(THE RECORDS Opens)

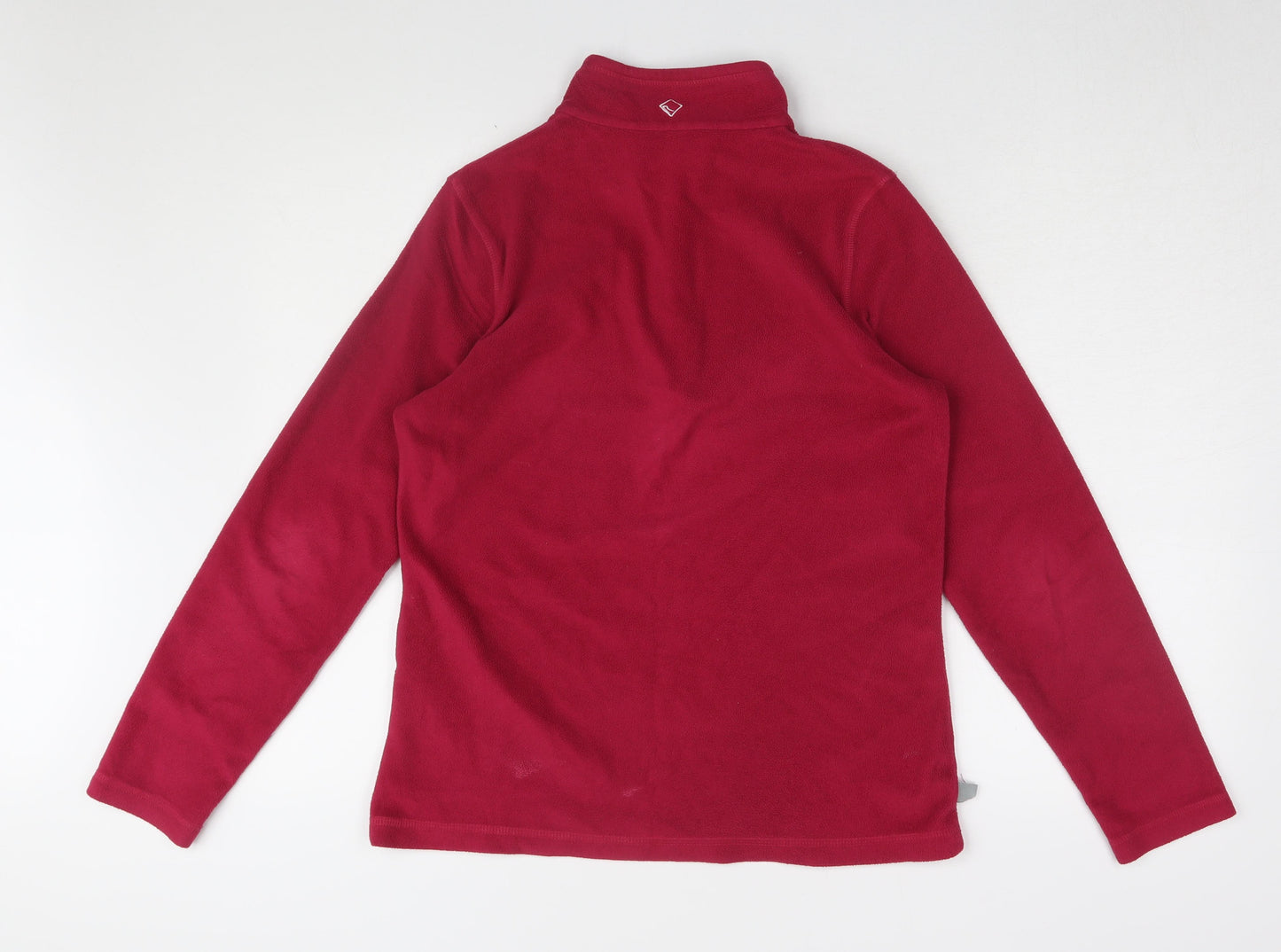 Regatta Women's Red Pullover Sweatshirt Size 12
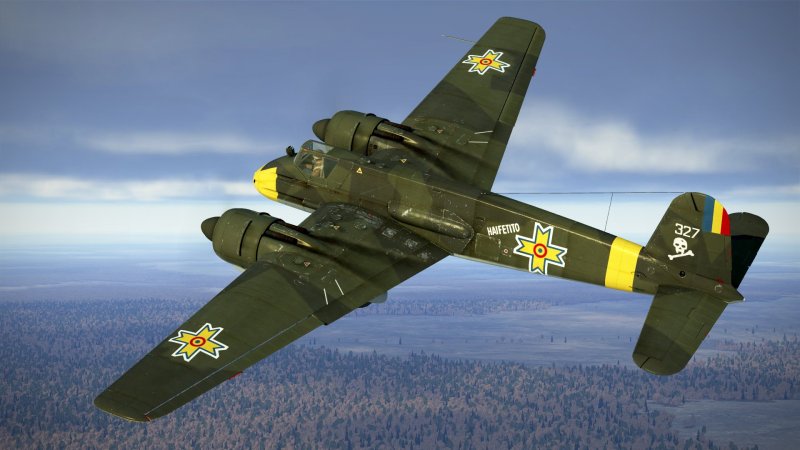 Henschel HS.129 ил 2 Штурмовик
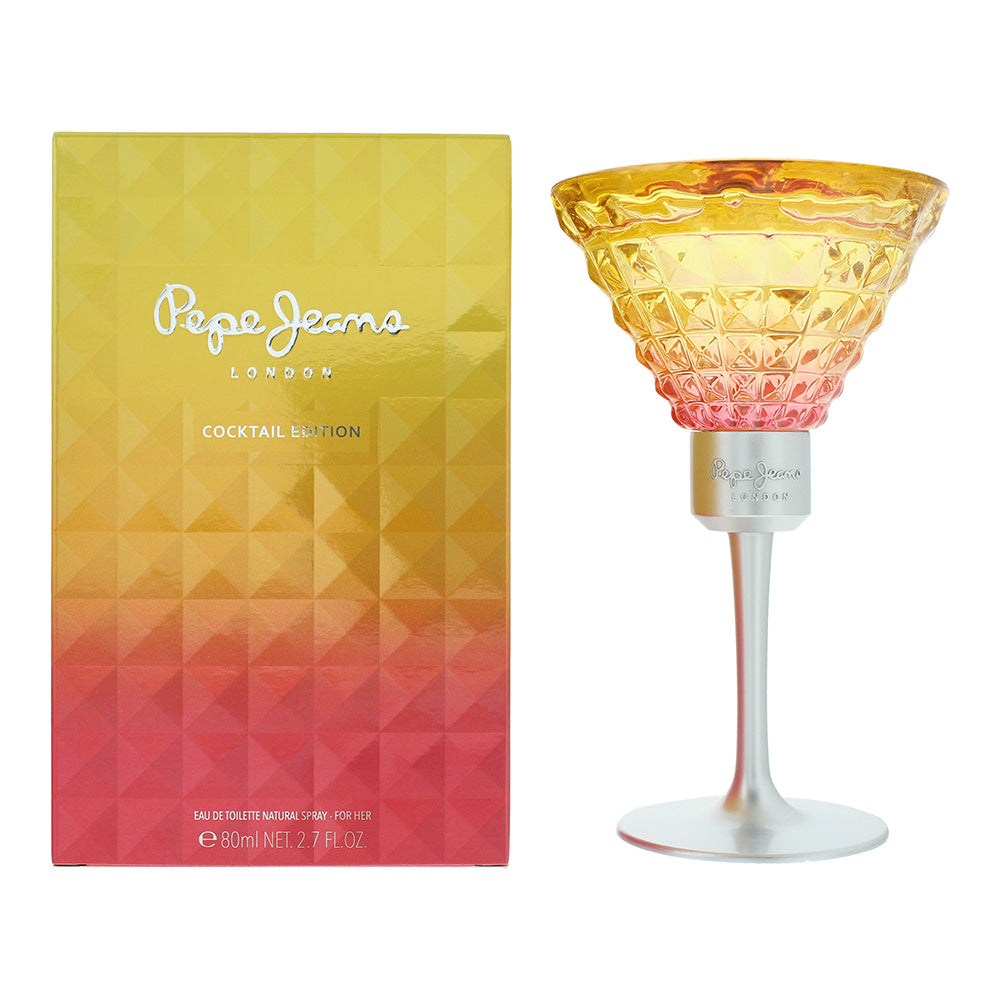 Pepe Jeans For Her Cocktail Eau de Toilette 80ml - Glow Empire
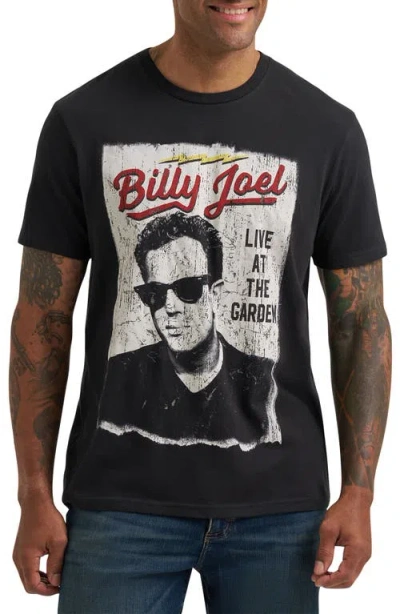 Lee Billy Joel 'live At The Garden' Graphic T-shirt In Black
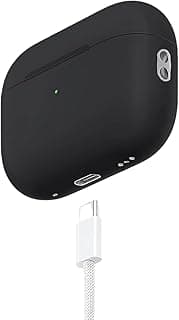سماعة داخل الأذن لاسلكية TWS-PRO 2 NEW سماعات أذن بادز بالبلوتوث 5.3 وبطارية 12 ساعة وشحن سريع، صوت نقي للمكالمات وللموسيقى، وخاصية إلغاء الضوضاء سماعات للرأس ستيريو 360 درجة - اسود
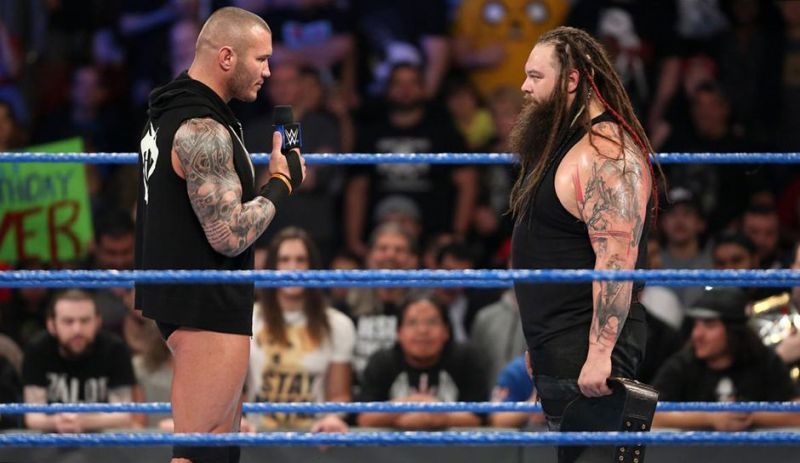 Randy Orton and Bray Wyatt have previously feuded in 2017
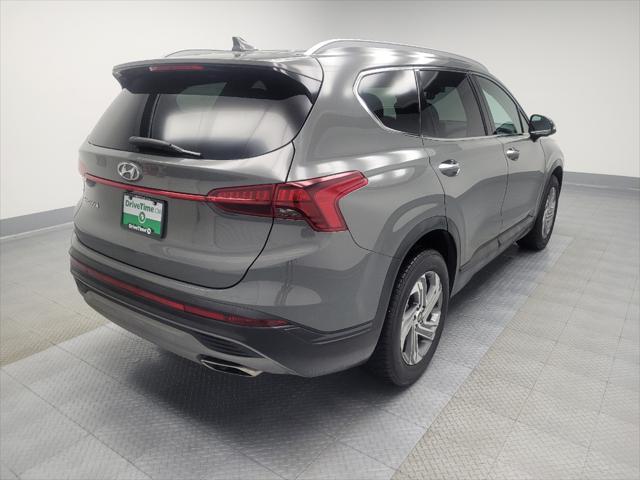 used 2023 Hyundai Santa Fe car, priced at $22,595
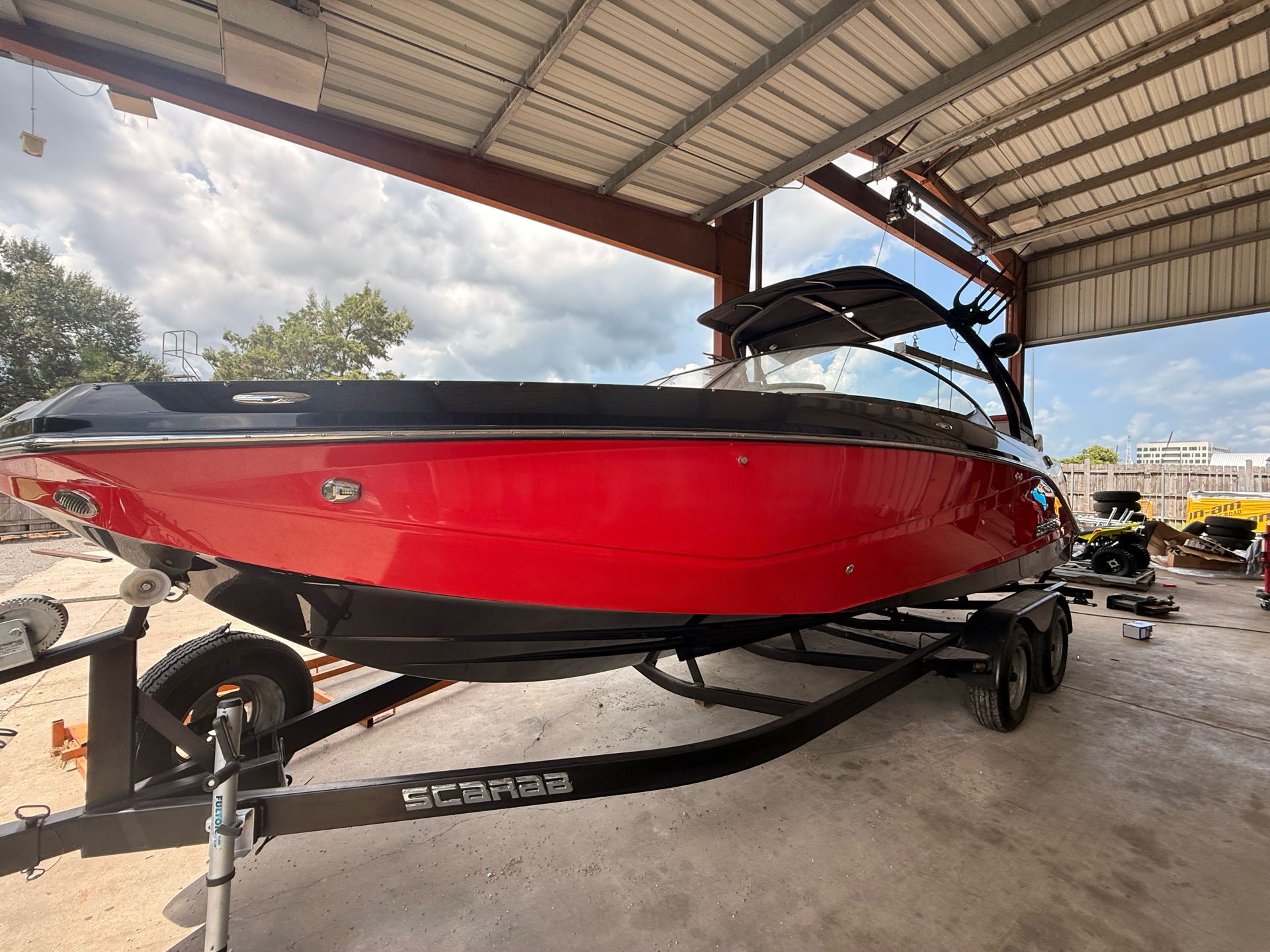 2015 Scarab 255 HO Impulse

(THE RECORDS Closes)

WHAT YOU WILL DO → Word for word, restate the records above and drop the pictures.

THE COMPLETED TASK →
 Regatta Women's Red Pullover Sweatshirt Size 12
 Henschel HS.129 ил 2 Штурмовик
 Pepe Jeans For Her Cocktail Eau de Toilette 80ml - Glow Empire
 Lee Billy Joel 'live At The Garden' Graphic T-shirt In Black
سماعة داخل الأذن لاسلكية TWS-PRO 2 NEW سماعات أذن بادز بالبلوتوث 5.3 وبطارية 12 ساعة وشحن سريع، صوت نقي للمكالمات وللموسيقى، وخاصية إلغاء الضوضاء سماعات للرأس ستيريو 360 درجة - اسود
 Randy Orton and Bray Wyatt have previously feuded in 2017
 used 2023 Hyundai Santa Fe car, priced at $22,595
 2015 Scarab 255 HO Impulse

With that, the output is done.